Material shown:
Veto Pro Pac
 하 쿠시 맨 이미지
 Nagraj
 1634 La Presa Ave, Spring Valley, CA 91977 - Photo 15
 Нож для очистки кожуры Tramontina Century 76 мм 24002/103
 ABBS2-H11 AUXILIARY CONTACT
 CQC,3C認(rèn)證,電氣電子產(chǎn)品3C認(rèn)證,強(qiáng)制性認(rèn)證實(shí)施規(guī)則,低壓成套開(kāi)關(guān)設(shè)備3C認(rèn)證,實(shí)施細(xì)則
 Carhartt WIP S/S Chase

Task objective: Once you have read the records, write every one of them out again exactly.

Answer box:
Veto Pro Pac
 하 쿠시 맨 이미지
 Nagraj
 1634 La Presa Ave, Spring Valley, CA 91977 - Photo 15
 Нож для очистки кожуры Tramontina Century 76 мм 24002/103
 ABBS2-H11 AUXILIARY CONTACT
 CQC,3C認(rèn)證,電氣電子產(chǎn)品3C認(rèn)證,強(qiáng)制性認(rèn)證實(shí)施規(guī)則,低壓成套開(kāi)關(guān)設(shè)備3C認(rèn)證,實(shí)施細(xì)則
 Carhartt WIP S/S Chase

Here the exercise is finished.